Property-Line Buffer

Existing (Figure 14-32, left) This view from the back part of the driveway looking to­ward the front of the house shows nothing more than ground cover and a 3-foot chain – link fence. Views into the neighbors’ yard are wide open along the entire driveway. Just as important are the weak views from inside the windows on this side of the house. Blinds and drapes are usually closed, for there isn’t anything to block views into the neighbor’s side yard and backyard.
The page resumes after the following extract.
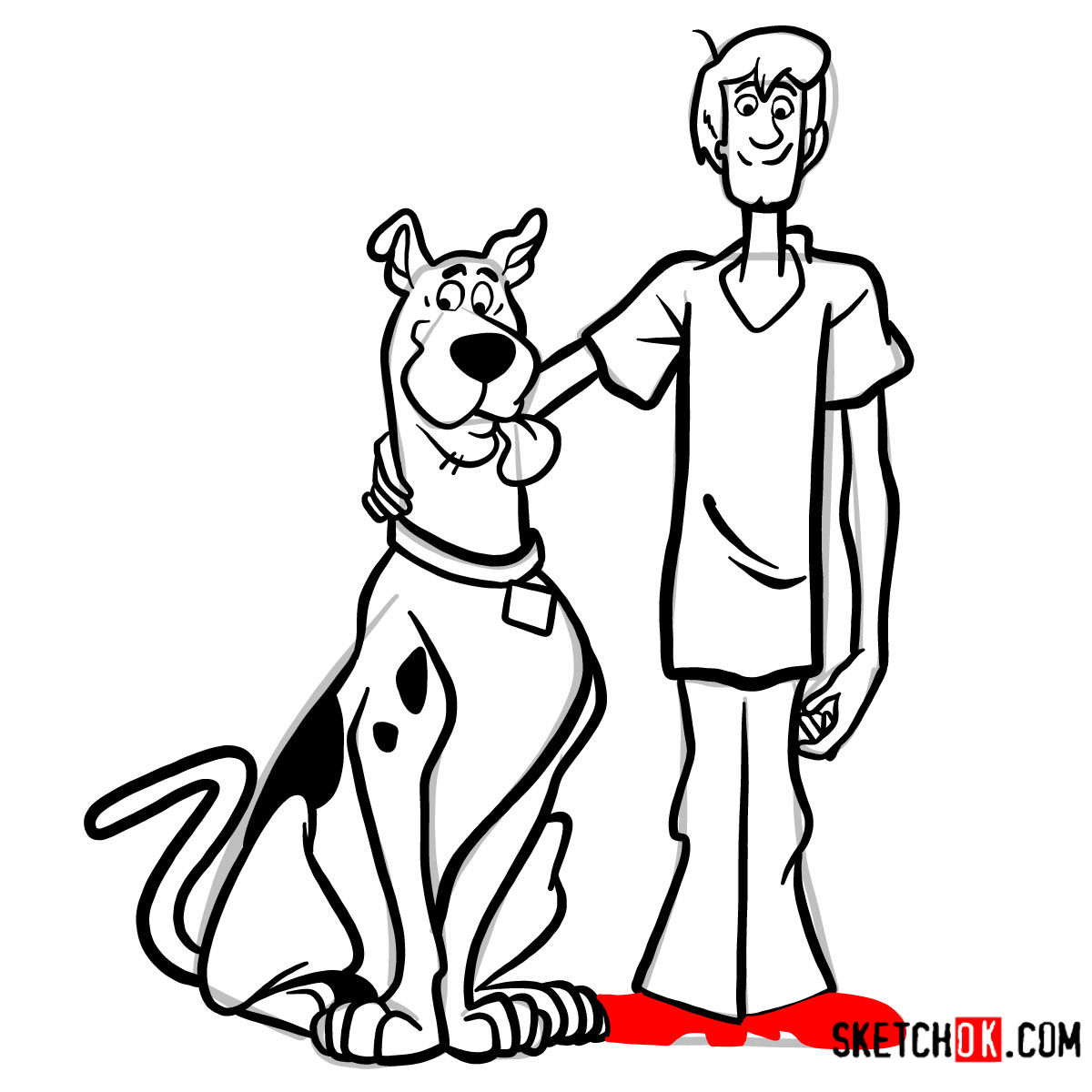 How to draw Scooby-Doo and Shaggy Rogers - step 17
Proposed (Figure 14-32, right) To provide a more pleasant edge to the driveway, it is im­portant to solve different problems. Removing the chain-link fence and constructing a taller wall or fence will certainly help with keeping views within the space. Mixing pat­terns and heights of ground covers and plantings will add textural interest and rhythm along the fence. Also, placing a group of upright ornamental trees directly across from im­portant windows of the house will open views into these newly defined areas.

Entry to Backyard

Existing (Figure 14-33, left) On entering the garden space, existing views focus on the adjacent houses and garages, the 3-foot garden fence, the 6-foot property-line fence be­yond, and a mass of existing vegetation to the right. With the construction of the garage

addition, the garage will extend further into the garden space, making it smaller as well as restricting some of the existing views into and through the garden and yard.
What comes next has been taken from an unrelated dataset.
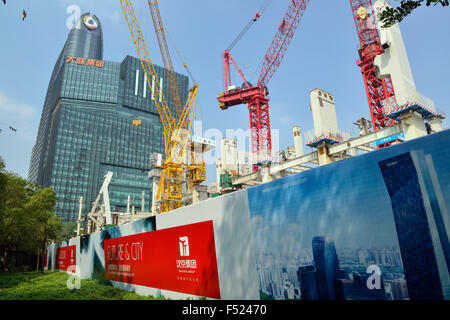 A construction site at high-tech park in Nanshan district, Shenzhen, China. Stock Photo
Proposed (Figure 14-33, right) The garage addition will take up more of this exist­ing view and focus attention into a narrower area. Views to the houses will be elimi­nated from this view, but will be more evident as one travels through the garden. Changing the fence to a solid one will decrease the views into the neighbors’ yard. A line of ornamental trees is suggested near the property line to provide a better view as one enters the backyard. This will also allow views above the ornamental trees into some of the existing vegetation beyond.